= Beginning of Section =
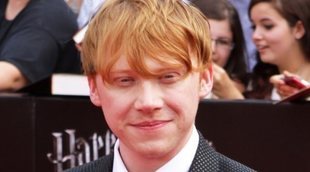 Rupert Grint, a punto de dejar su papel en la saga de 'Harry Potter'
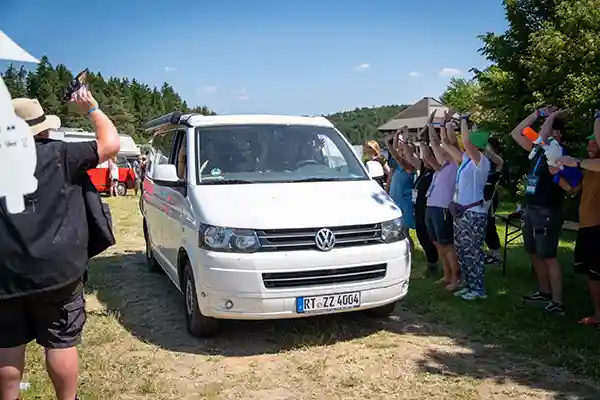 DACHZELT CAMP Bayern 2023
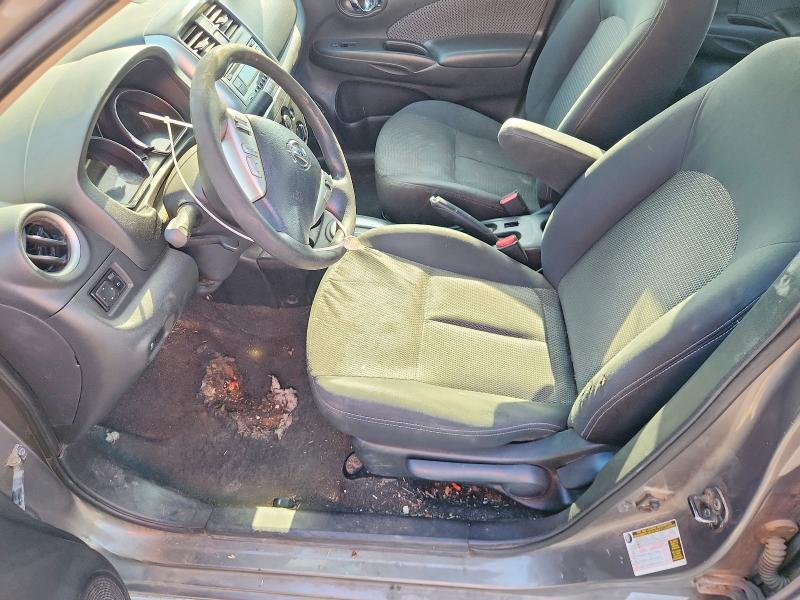 Photo 7 from auction – 2015 NISSAN VERSA with VIN 3N1CN7AP9FL843194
= End of Section =
Your task »
When you repeat the listing, keep it exact and leave the pictures behind.

Answer to this exercise »
 Rupert Grint, a punto de dejar su papel en la saga de 'Harry Potter'
 DACHZELT CAMP Bayern 2023
 Photo 7 from auction – 2015 NISSAN VERSA with VIN 3N1CN7AP9FL843194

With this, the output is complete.